*** MATERIAL FOR THIS TASK Section Begins ***
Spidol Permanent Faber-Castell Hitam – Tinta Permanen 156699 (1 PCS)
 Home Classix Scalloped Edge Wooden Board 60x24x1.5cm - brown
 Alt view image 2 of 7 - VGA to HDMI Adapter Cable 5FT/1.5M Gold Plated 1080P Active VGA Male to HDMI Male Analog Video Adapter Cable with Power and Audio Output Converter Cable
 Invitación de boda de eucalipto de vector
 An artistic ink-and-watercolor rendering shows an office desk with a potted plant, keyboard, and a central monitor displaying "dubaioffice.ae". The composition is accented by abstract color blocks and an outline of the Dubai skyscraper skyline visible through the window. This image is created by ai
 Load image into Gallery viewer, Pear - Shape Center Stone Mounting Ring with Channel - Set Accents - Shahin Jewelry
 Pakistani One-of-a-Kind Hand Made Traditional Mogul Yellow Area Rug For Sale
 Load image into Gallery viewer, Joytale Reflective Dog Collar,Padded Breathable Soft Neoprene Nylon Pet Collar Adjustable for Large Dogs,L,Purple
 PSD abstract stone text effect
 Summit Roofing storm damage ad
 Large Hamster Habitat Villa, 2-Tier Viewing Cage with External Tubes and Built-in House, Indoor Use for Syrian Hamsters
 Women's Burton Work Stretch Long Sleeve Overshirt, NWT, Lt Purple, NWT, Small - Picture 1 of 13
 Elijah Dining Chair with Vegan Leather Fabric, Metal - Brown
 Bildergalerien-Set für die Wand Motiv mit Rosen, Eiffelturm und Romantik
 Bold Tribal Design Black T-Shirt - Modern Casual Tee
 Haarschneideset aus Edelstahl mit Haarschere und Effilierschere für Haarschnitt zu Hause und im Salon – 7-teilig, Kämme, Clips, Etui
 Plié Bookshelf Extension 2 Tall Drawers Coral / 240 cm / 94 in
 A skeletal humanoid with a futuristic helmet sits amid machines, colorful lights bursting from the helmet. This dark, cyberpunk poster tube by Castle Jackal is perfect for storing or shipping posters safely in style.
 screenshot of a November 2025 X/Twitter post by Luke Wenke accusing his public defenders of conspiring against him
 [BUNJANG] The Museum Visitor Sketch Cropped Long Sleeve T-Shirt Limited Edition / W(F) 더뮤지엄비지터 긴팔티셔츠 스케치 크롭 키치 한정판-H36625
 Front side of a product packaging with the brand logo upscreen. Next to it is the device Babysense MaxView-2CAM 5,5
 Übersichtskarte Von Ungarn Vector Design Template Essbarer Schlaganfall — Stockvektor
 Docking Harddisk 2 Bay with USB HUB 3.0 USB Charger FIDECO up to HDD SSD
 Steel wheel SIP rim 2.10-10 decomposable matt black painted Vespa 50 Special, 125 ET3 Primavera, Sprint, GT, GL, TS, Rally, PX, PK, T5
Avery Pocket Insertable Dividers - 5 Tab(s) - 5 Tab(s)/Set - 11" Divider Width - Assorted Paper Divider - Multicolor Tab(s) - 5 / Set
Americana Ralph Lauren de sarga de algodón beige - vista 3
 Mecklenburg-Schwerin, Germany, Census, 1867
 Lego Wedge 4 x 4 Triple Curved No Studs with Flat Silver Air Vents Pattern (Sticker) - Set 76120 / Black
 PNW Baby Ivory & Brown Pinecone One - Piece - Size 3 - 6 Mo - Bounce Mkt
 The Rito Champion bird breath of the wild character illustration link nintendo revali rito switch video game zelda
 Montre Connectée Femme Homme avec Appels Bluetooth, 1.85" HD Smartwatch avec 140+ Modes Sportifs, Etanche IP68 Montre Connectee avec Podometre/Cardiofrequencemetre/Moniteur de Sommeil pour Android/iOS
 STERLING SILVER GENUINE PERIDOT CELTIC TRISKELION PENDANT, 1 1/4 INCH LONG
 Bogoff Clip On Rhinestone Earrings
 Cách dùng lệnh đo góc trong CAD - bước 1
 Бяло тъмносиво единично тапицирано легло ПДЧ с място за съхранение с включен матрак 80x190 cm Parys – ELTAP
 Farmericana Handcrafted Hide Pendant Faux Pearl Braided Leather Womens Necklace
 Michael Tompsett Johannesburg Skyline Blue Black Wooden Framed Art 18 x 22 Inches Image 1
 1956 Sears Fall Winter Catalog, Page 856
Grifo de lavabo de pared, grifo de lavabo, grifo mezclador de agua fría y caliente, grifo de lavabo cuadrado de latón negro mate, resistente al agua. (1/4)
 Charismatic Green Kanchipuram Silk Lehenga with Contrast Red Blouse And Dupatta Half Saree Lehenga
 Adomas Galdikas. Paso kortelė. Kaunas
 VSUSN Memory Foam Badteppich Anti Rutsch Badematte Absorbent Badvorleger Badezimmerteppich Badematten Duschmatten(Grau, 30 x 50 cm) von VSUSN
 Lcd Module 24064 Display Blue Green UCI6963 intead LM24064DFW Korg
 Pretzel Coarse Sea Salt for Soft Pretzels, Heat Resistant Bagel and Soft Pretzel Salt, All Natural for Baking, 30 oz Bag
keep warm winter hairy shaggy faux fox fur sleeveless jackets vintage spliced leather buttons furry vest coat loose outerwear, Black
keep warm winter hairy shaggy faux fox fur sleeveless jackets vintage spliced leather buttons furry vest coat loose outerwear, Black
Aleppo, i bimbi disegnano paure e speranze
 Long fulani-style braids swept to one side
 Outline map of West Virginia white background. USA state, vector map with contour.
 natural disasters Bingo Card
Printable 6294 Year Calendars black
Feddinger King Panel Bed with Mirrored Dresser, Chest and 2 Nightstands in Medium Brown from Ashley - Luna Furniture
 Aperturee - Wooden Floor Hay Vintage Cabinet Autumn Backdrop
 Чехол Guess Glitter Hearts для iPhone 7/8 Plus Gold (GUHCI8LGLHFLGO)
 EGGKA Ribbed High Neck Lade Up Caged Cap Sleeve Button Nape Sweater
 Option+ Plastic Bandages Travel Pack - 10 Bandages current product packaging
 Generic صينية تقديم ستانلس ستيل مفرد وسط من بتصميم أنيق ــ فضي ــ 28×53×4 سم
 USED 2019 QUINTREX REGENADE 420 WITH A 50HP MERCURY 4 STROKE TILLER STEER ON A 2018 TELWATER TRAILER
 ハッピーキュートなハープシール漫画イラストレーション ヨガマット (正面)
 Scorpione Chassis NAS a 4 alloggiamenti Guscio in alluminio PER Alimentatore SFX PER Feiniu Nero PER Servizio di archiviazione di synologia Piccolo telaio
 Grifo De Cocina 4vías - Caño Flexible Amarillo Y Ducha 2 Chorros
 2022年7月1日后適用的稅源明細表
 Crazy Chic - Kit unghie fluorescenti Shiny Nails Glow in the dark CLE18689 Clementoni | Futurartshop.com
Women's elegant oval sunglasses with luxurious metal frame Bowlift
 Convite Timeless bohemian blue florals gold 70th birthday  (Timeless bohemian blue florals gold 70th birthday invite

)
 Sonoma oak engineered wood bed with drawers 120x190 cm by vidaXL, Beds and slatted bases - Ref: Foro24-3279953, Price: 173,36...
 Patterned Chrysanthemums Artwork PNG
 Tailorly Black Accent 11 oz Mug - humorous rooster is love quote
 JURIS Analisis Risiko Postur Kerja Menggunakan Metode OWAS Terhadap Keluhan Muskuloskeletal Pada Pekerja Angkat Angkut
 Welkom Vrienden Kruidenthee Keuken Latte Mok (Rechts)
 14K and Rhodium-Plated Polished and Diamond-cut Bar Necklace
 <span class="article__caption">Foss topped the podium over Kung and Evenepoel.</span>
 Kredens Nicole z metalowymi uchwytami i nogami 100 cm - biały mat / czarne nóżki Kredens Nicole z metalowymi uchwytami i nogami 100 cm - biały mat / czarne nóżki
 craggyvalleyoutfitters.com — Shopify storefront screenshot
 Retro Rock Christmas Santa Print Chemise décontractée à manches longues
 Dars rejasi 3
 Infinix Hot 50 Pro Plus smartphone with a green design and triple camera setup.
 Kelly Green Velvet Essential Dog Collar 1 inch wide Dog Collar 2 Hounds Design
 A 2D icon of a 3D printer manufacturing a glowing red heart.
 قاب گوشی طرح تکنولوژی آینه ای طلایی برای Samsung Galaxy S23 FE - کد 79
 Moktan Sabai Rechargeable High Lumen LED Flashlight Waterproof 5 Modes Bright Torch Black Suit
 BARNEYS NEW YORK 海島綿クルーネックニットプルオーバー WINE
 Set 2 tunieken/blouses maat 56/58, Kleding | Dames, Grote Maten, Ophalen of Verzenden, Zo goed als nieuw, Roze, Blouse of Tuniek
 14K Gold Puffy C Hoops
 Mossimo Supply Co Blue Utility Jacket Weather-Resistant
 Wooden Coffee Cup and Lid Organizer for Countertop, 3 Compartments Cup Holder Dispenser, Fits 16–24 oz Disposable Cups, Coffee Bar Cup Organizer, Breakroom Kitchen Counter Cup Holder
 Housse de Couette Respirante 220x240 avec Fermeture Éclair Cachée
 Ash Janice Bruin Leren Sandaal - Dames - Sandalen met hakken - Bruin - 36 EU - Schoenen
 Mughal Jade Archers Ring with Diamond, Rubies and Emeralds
*** MATERIAL FOR THIS TASK Section Ends ***
● ABOUT THIS TASK: The required output is the stretch of entries above from the line containing "Patterned Chrysanthemums Artwork PNG" through the line containing "Kelly Green Velvet", reproduced exactly.

● ANSWER:
 Patterned Chrysanthemums Artwork PNG
 Tailorly Black Accent 11 oz Mug - humorous rooster is love quote
 JURIS Analisis Risiko Postur Kerja Menggunakan Metode OWAS Terhadap Keluhan Muskuloskeletal Pada Pekerja Angkat Angkut
 Welkom Vrienden Kruidenthee Keuken Latte Mok (Rechts)
 14K and Rhodium-Plated Polished and Diamond-cut Bar Necklace
 <span class="article__caption">Foss topped the podium over Kung and Evenepoel.</span>
 Kredens Nicole z metalowymi uchwytami i nogami 100 cm - biały mat / czarne nóżki Kredens Nicole z metalowymi uchwytami i nogami 100 cm - biały mat / czarne nóżki
 craggyvalleyoutfitters.com — Shopify storefront screenshot
 Retro Rock Christmas Santa Print Chemise décontractée à manches longues
 Dars rejasi 3
 Infinix Hot 50 Pro Plus smartphone with a green design and triple camera setup.
 Kelly Green Velvet Essential Dog Collar 1 inch wide Dog Collar 2 Hounds Design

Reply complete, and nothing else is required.